A creamy drink for the evening is Gin Alexander: It is shaken from Gin, white Crème de Cacao chocolate liqueur and cream. The digestif was first mentioned in 1916 in the notes of a New York bartender; today's better-known version with Brandy or Cognac instead of Gin was created much later. In the 1920s, with Prohibition in the U.S., the production, transport and sale of any alcoholic beverages were prohibited, so that Gin was illegally compounded in many private households. Consequently, the quality of Gin available in the United States also declined. Chocolate liqueur and cream were well suited to drown out the less convincing taste of cheap Gin in cocktails. Prohibition passed, Gin got better and yet the Alexander cocktail remained popular. As a result, it is still a classic and a sweet treat.

Singapore Sling was invented in Singapore, but it is now a world-renowned classic in the international bar scene.

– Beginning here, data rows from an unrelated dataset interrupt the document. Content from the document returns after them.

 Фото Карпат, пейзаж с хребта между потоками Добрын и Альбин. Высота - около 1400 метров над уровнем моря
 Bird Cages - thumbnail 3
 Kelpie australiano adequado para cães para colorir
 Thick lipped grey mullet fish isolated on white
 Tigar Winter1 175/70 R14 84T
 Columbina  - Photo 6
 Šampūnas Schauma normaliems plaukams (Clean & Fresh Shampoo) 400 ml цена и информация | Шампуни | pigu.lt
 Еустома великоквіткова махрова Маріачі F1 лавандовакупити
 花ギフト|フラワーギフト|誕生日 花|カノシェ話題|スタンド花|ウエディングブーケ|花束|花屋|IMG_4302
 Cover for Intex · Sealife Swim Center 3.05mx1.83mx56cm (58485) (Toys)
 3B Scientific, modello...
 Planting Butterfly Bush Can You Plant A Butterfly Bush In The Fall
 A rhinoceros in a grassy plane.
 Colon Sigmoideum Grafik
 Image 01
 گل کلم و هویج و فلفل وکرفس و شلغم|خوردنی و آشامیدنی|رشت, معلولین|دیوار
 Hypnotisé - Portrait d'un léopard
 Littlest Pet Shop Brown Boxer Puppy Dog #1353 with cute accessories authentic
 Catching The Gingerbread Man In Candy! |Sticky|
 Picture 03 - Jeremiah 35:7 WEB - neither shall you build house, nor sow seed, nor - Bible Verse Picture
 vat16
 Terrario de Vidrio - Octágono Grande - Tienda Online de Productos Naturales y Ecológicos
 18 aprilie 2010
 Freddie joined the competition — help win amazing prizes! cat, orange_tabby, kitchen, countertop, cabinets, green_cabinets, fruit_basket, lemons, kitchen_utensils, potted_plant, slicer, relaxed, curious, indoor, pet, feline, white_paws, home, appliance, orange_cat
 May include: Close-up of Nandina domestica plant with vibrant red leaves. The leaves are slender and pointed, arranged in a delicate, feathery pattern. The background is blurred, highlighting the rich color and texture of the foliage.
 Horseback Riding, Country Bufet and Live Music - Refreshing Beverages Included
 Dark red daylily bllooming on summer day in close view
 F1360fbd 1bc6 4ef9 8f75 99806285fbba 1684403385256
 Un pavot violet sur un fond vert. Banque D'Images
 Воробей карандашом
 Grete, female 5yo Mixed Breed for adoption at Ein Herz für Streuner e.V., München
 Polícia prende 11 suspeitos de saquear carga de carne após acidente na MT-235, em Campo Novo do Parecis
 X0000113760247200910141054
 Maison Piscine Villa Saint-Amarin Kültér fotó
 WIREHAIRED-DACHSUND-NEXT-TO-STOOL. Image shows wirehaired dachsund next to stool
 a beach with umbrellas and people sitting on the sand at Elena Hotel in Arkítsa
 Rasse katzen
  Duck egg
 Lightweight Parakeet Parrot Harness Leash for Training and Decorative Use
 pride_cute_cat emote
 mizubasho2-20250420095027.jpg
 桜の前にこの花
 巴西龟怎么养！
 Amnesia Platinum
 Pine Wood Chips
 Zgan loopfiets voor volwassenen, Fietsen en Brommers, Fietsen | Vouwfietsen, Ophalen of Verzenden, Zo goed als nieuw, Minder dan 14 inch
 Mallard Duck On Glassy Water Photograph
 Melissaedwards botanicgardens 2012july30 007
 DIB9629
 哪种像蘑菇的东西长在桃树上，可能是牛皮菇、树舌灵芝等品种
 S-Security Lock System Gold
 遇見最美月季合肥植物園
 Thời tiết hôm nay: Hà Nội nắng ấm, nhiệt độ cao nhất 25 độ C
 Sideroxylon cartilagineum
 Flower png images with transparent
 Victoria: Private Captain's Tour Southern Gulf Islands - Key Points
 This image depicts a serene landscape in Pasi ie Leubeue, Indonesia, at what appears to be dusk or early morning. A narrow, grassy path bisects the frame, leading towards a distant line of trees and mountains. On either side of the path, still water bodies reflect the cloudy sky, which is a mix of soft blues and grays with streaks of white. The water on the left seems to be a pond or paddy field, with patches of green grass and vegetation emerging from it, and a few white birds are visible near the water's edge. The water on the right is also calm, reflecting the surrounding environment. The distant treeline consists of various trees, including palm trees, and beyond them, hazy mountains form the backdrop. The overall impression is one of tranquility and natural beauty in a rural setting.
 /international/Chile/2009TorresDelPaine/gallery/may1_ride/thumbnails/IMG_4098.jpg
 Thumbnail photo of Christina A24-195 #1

The long drink consists of Gin, cherry liqueur and Bénédictine herbal liqueur. Depending on the recipe, sweet and sour juices and syrups such as lemon or lime juice, pineapple juice, grenadine, Angostura bitters or soda water are added. The drink was first served in a Singapore luxury hotel in the early 20th century. The bartender Ngiam Tong Boon developed various recipes of the Singapore Sling and kept them in his safe, which can still be seen today in a museum together with a handwritten scribbled recipe note.